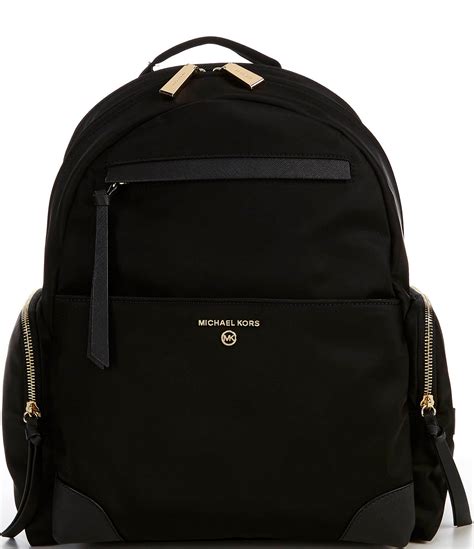 michael kors hamilton nylon backpack|michael kors large backpack women.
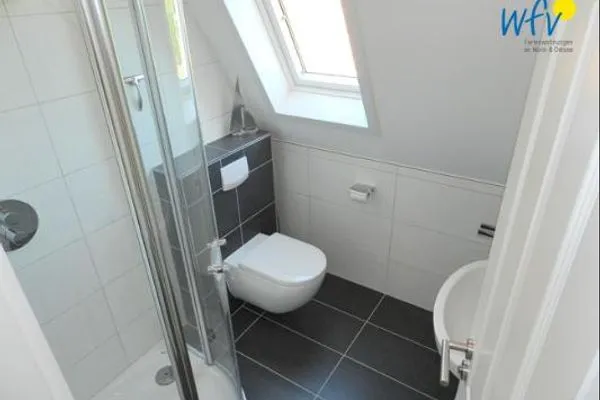 Badezimmer Haus Lagune am Wattenmeer Ferienwohnung 13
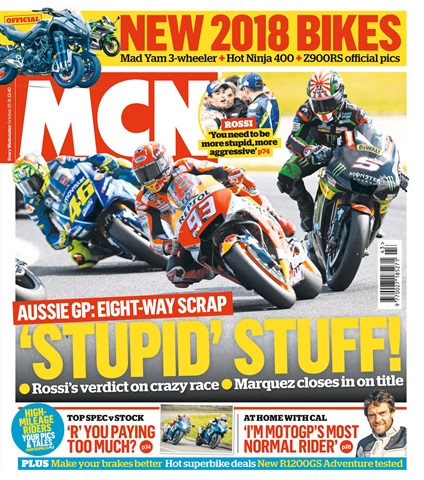 MCN issue 25th October 2017
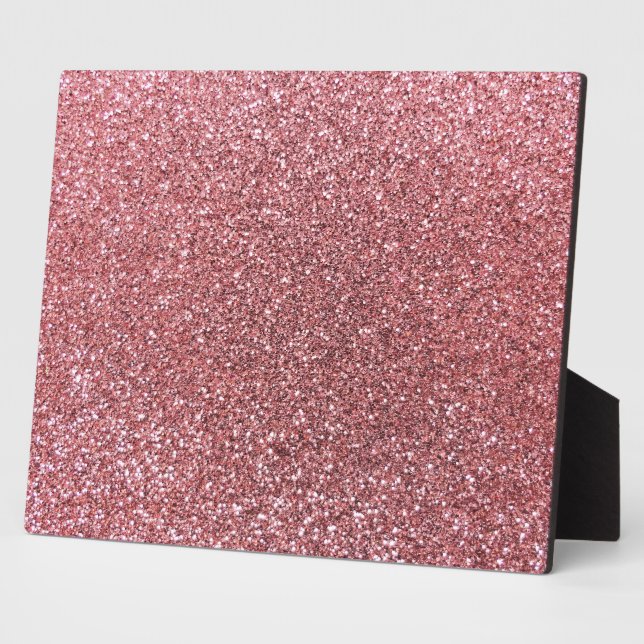 Pastellrosa Glitzer Fotoplatte (Seite)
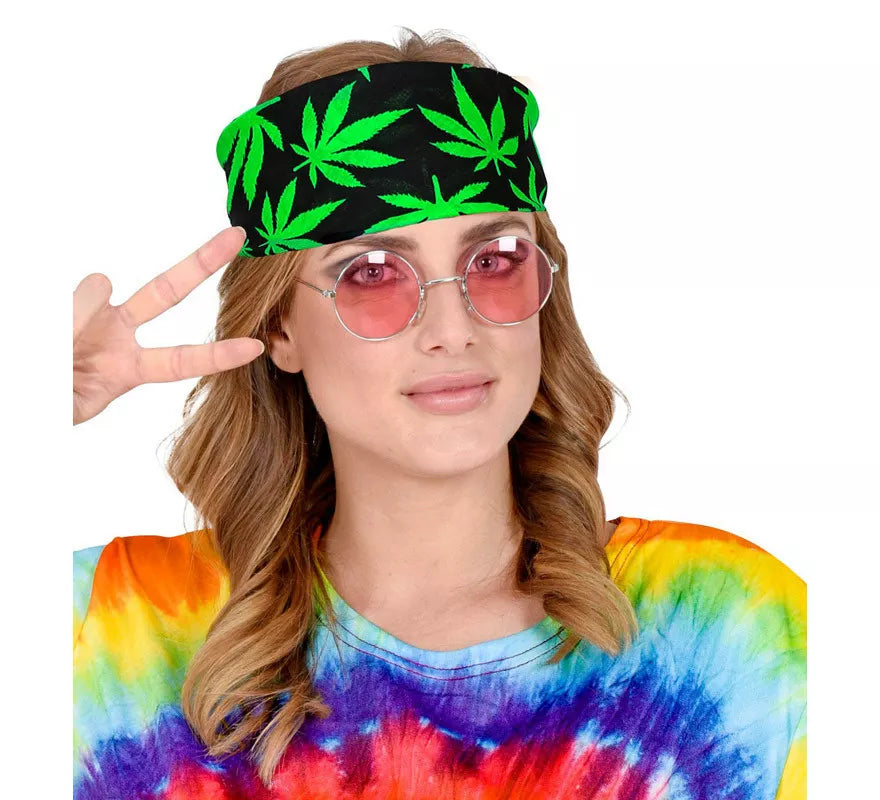 Translation missing: fr.Bandana Hojas de Marihuana de 55X55 cm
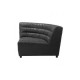 Sillon esquinero individual marca Zuo modelo Soho - negro / 100633 - Envío Gratuito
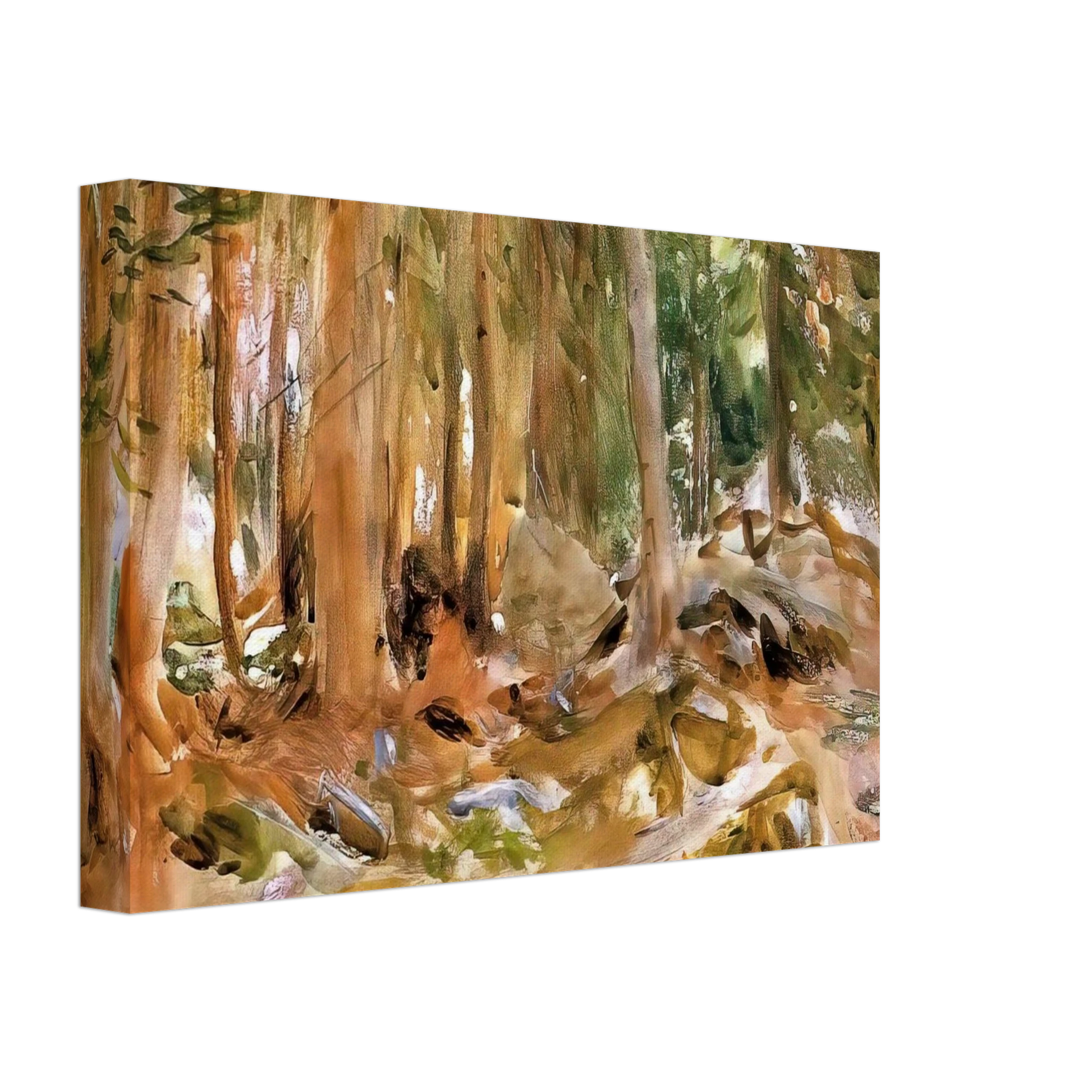 John Singer Sargent - Pine Forest Canvas - 40x60 cm / 16x24 inches-canvas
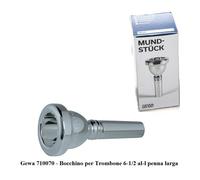 Gewa 710.070 Bocchino Argentato per Trombone 6-1/2 al-l penna larga SIGILLATO
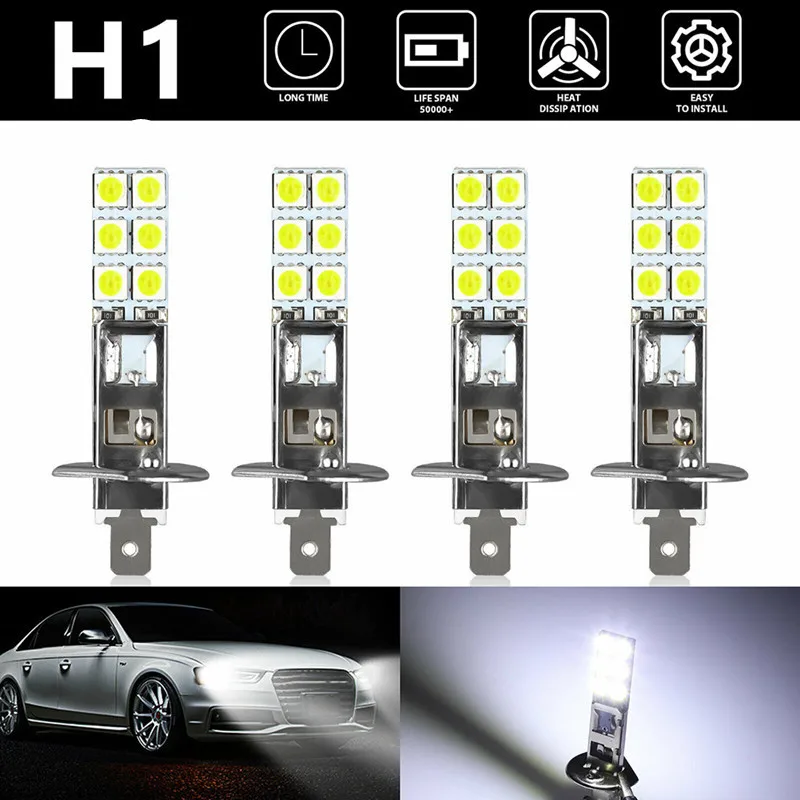 New Upgrade 2PC NEW H1 6000K Super White 55W LED Headlight Bulbs Kit Fog Driving Light voiture Wholesale Quick delivery CSV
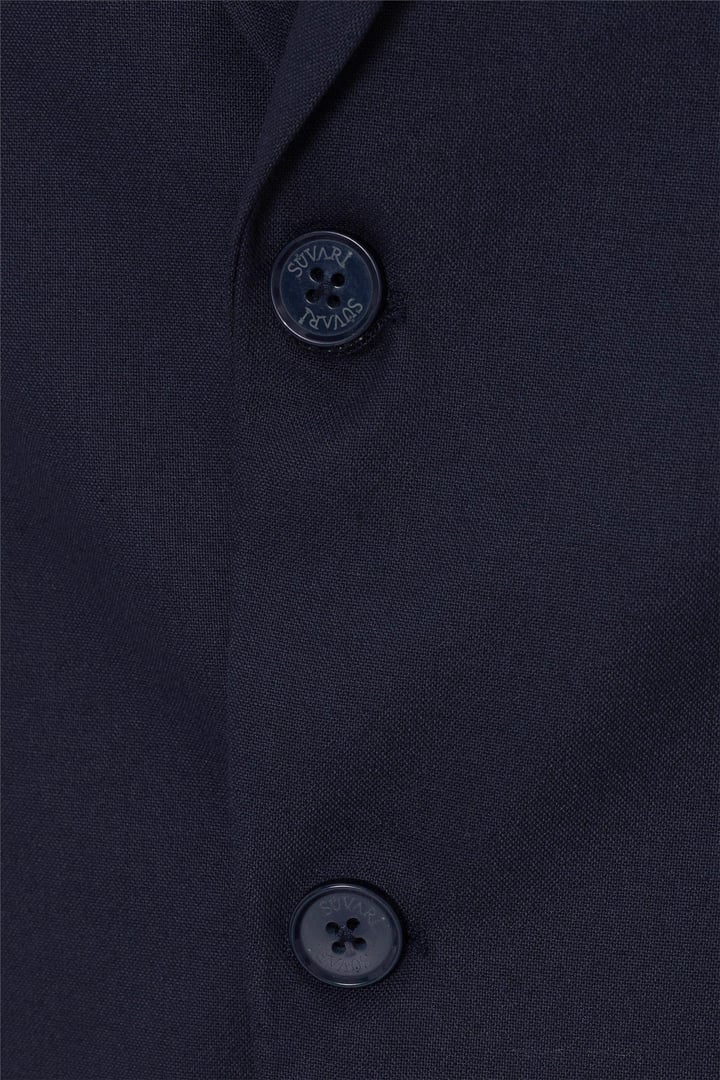 Lacivert Regular Düz Mono Yaka 6 Drop Klasik Takım Elbise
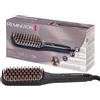 Remington Spazzola Lisciante per Capelli 2 in 1 - Piastra Capelli + Spazzola Capelli - Setole rivestite in ceramica e antistatiche, display digitale, 150-230°C, tempi di styling ridotti, CB7400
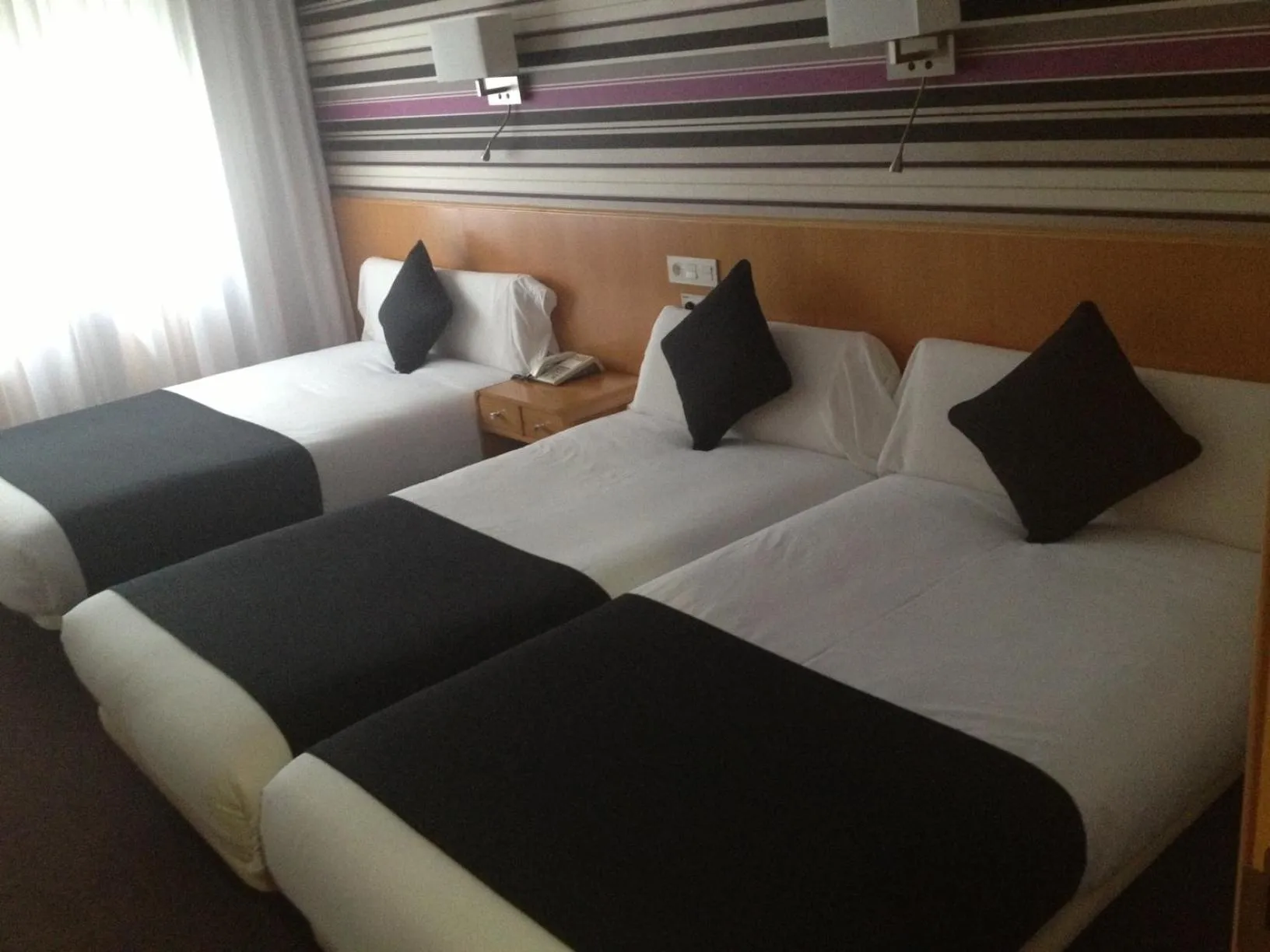 Bed in Hotel Palacio de Cristal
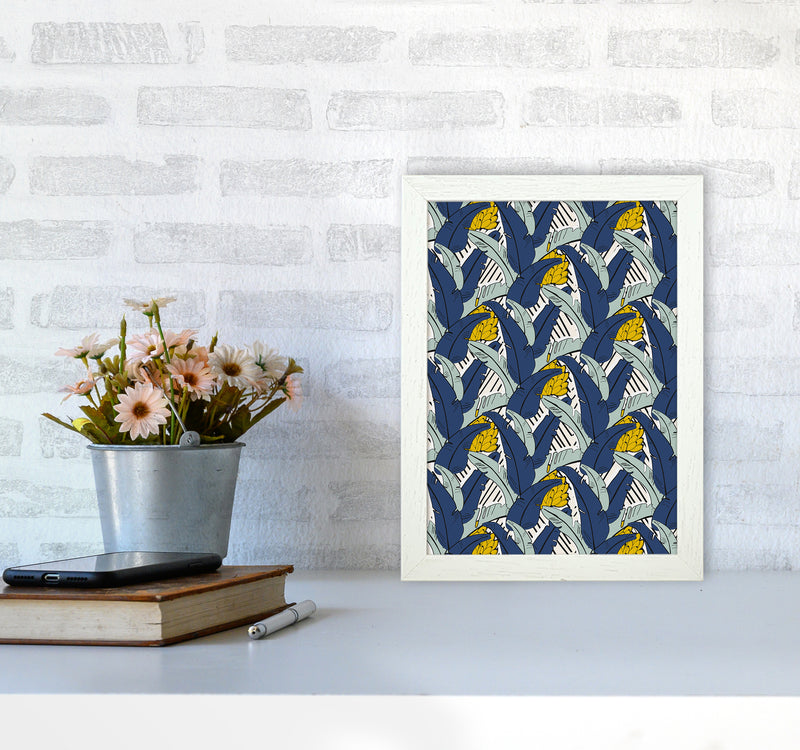 Tropical Fever Abstract Art Print by Kookiepixel A4 Oak Frame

§ **AIM OF THE EXERCISE**:
Above are the records. Copy only the lines from the one with "Pastellrosa Glitzer Fotoplatte (Seite)" through the one with "New Upgrade 2PC", exactly, with no pictures.

§ **RESPONSE TO THE EXERCISE**:
 Pastellrosa Glitzer Fotoplatte (Seite)
 Translation missing: fr.Bandana Hojas de Marihuana de 55X55 cm
 Sillon esquinero individual marca Zuo modelo Soho - negro / 100633 - Envío Gratuito
 John Singer Sargent - Pine Forest Canvas - 40x60 cm / 16x24 inches-canvas
 Gewa 710.070 Bocchino Argentato per Trombone 6-1/2 al-l penna larga SIGILLATO
 New Upgrade 2PC NEW H1 6000K Super White 55W LED Headlight Bulbs Kit Fog Driving Light voiture Wholesale Quick delivery CSV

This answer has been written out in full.